• Exercise objective
The required output is the line with "teratojen, vaskuler kazalar" plus all lines that follow it to the end of the listing below, written out exactly, with no pictures.

• The data

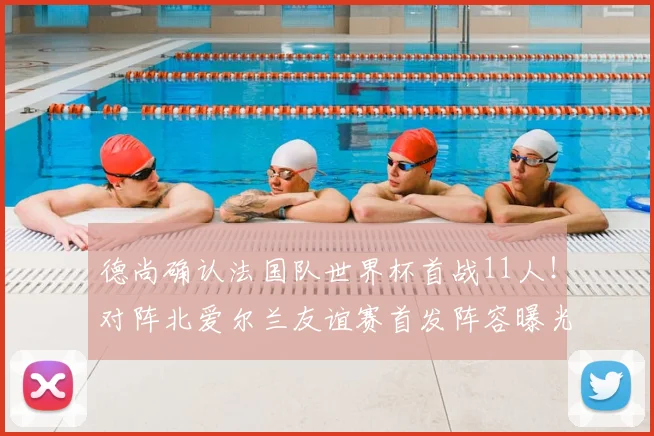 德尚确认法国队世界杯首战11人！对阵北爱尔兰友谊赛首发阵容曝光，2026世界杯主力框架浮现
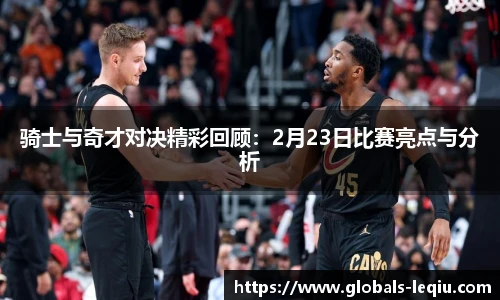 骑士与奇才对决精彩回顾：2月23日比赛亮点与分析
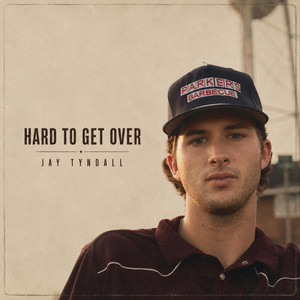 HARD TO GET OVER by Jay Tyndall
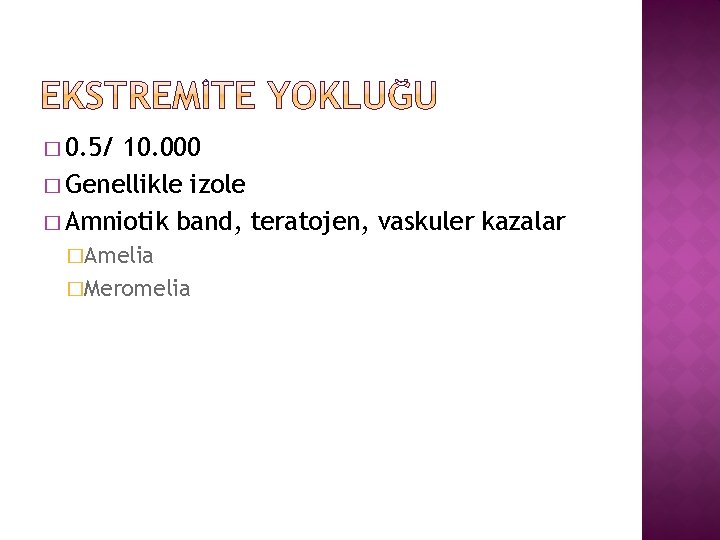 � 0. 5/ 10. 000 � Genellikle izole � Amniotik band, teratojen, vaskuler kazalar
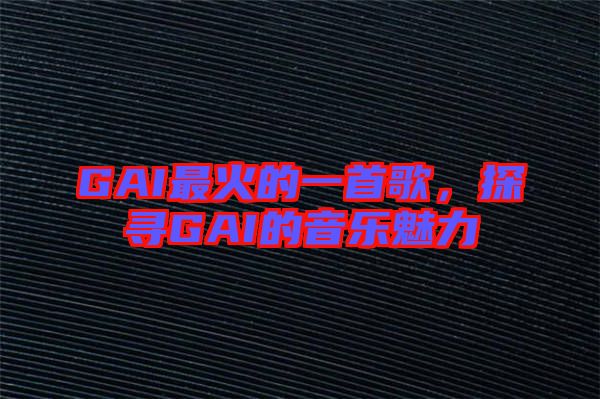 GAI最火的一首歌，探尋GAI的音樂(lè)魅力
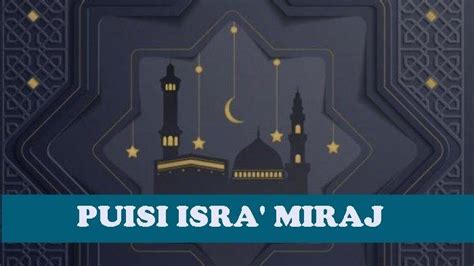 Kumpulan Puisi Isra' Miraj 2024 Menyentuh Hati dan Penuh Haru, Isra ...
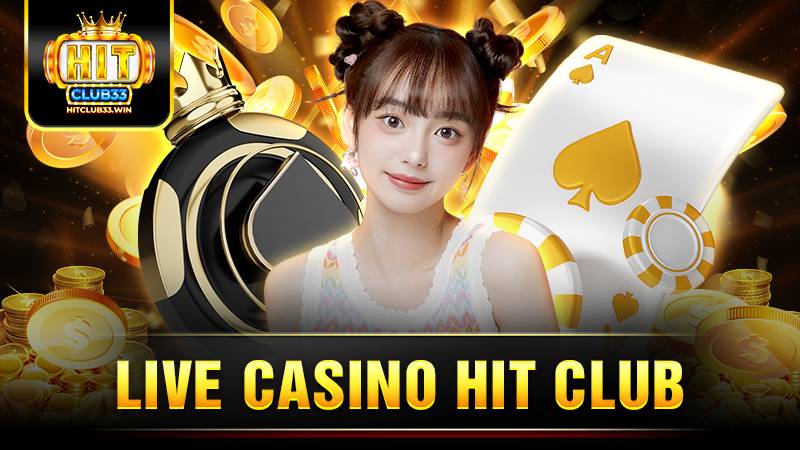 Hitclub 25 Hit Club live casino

• Solution below
 � 0. 5/ 10. 000 � Genellikle izole � Amniotik band, teratojen, vaskuler kazalar
 GAI最火的一首歌，探尋GAI的音樂(lè)魅力
 Kumpulan Puisi Isra' Miraj 2024 Menyentuh Hati dan Penuh Haru, Isra ...
 Hitclub 25 Hit Club live casino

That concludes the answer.